Session Information
03 SES 17, Uncertainty as a Constitutive Element of Pedagogical Interaction
Symposium
Contribution
In the process of learning and teaching, moments of disruption and uncertainty are inevitable, necessary and in fact ubiquitous (Dewey 1934, English 2013). Whenever our encounter with the new and unfamiliar leads to uncertainty, irritation or doubt, a fertile moment for a transformative learning experience opens up. A learning experience can be considered as transformative if it triggers the deep understanding of something that was previously not understood and that could constitute the starting point for further educational development (Meyer-Drawe 2008). If this moment is taken advantage of and captured by teachers, an opportunity for deep and transformative learning is offered. However, for all we know from the data of classroom observations, teachers tend to rather fend off such instances of uncertainty and focus on the smooth running of the lesson and the realization of their lesson plan (cf. Schrittesser et al. 2014; Schrittesser & Paseka 2017; Schrittesser 2019). To secure the planned course of the lesson teachers resort to particular strategies, which can be defined as patterns of closure. Hand in hand with these patterns seems to go an implicit agreement between pupils and teachers based on a “hidden curriculum” (Dreeben 1967; Jackson 1968). The hidden curriculum implicitly organizes the typical interaction patterns between teachers and students, which sometimes reveal an instrumental and strategical relation to school. This finds its expression in the patterns of closure mentioned above and seems to be tacitly accepted by both students and teachers. In my contribution I will first discuss the phenomenon of uncertainty as a potential fertile moment of learning and will then take a close look at the responding patterns of closure in the teaching process. Building on this, the question will be asked how teachers can be sensitized to enact transformative pedagogies that take notice of uncertainties as promising instances of deep learning.
References
Dewey, J. (1934) Art as Experience. In: J. A. Boydston (Ed.) (2008) John Dewey, The Later Works, 1925-1953 (Vol. 10). Carbondale: Southern Illinois University Press, 2008, 1-352. English, A. (2013). Discontinuity in Learning.
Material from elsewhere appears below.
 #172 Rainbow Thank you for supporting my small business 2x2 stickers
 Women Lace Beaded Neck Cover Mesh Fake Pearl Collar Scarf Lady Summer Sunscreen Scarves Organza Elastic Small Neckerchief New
Dewey, Herbart and Education as Transformation. Cambridge: Cambridge University Press. Meyer-Drawe, K. (2008) Diskurse des Lernens. [Discourses of Learning]. Berlin: Schöningh. Paseka, A. / Schrittesser, I. (2017) Muster der Schließungen im Unterricht. Über fruchtbare Momente in Lernprozessen und wie sie unerkannt verstreichen. Patterns of Closure. On the fruitful moments in learning processes and how they pass by unseen. In: A. Paseka / / M. Keller-Schneider / A. Combe (Eds.). Ungewissheit als Herausforderung für pädagogisches Handeln. Uncertainty as a Challenge for Educational Practice. Wiesbaden: Springer, 31-52. Schrittesser, I. / Paseka, A. / Gerhartz-Reiter, S. (2014) Innovative Learning Environments. About Traditional and New Patterns of Learning. European Educational Research Journal, 13/2, 143-154. Schrittesser, I. (2019) Auf der Suche nach dem Phänomen Begabung - von der Begabungsförderung zur Lernförderung? [Looking for the Phenomenon of Giftedness: Opportunities to Learn vs. Giftedness Education?]. In: I. Schrittesser (Ed.) Begabungsförderung Revisited: Als Kinderrecht im Kontext von Diversität. [Talent Promotion Revisited: As a Right of the Child in the Context of Diverse Classrooms]. Bad Heilbronn: Klinkhardt, 43-68.